The correlation of gene expression ´ AFB₁ was positive indicating that
suppression in the gene expression pathway contributed to the lower toxin levels.
The overall biocontrol action seems to have been most effective when used in
stored GM maize cultivars.
Different levels of simulated pest damage (0, 5 and 15%) showed that AFB₁
production did not increase with a higher level of damage regardless of whether
pesticide resistance or herbicide + pesticide resistance cvs were compared with
non-GM isogenic ones. The toxin production in 15% damaged maize grain was
lower or equal to that with no or 5% damage. The gene expression of aflR and
aflD involved in AFs biosynthesis showed differences between the maize cvs.

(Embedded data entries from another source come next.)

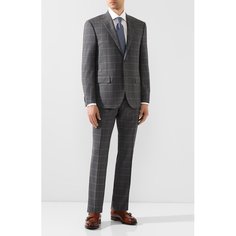 Шерстяной костюм Corneliani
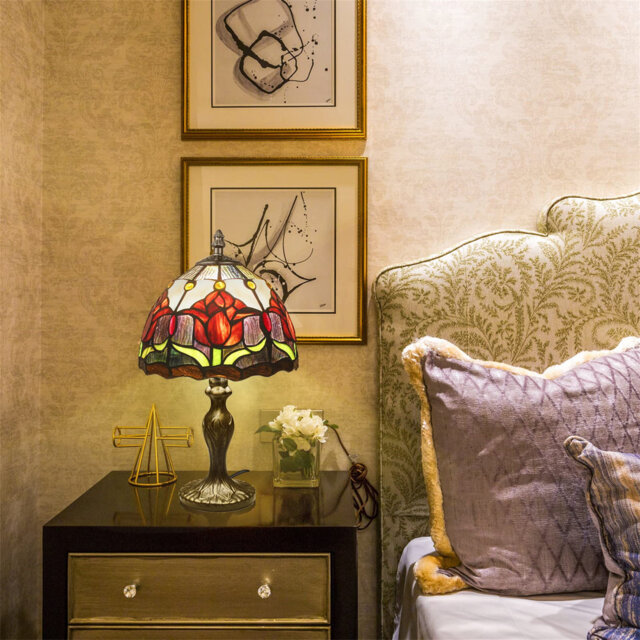 Puleo Metal Table Lamp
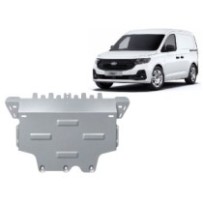 Aluminium protection sous moteur et de la boîte de vitesse Ford Transit Connect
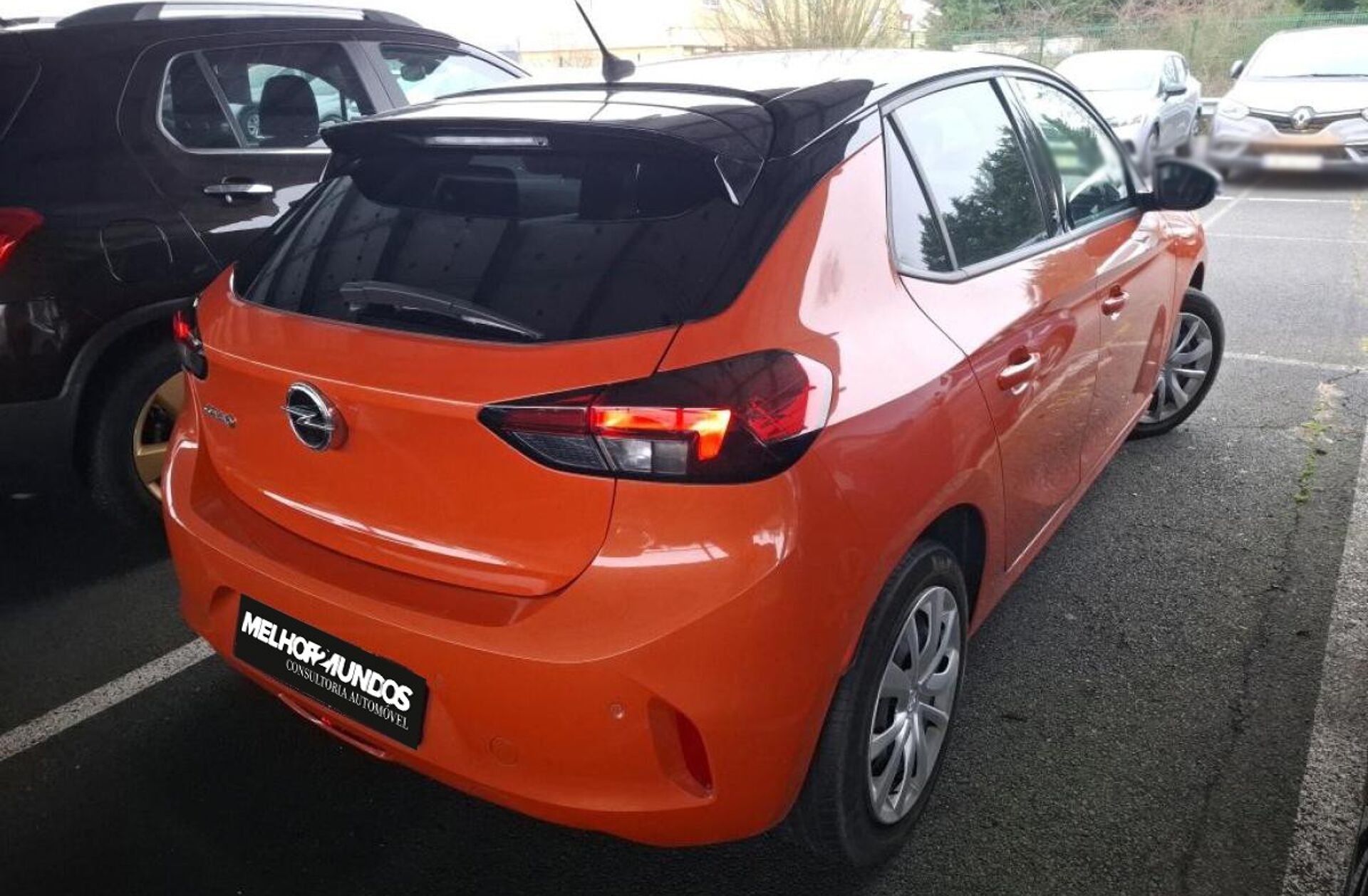 OPEL Corsa -e e-Elegance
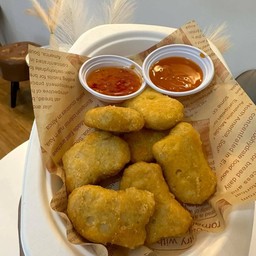 นักเก็ตทอด 5ชิ้น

However, the correlation of gene expression × AFB₁ was not significantly positive.
The BCA showed resilience under TᴼC × CO₂ × aw × simulated pest damage
conditions with similar control levels of AFB₁ which was achieved under existing
environmental conditions. The use of a GM cvs showed better results for
biocontrol under water stress (0.95 aw) and elevated CO₂ at 35ᴼ C when the
kernels were undamaged. However, biocontrol in conventional maize was better
when there were damaged kernels at 0.95 aw × 35ᴼ C ×1000 ppm CO₂.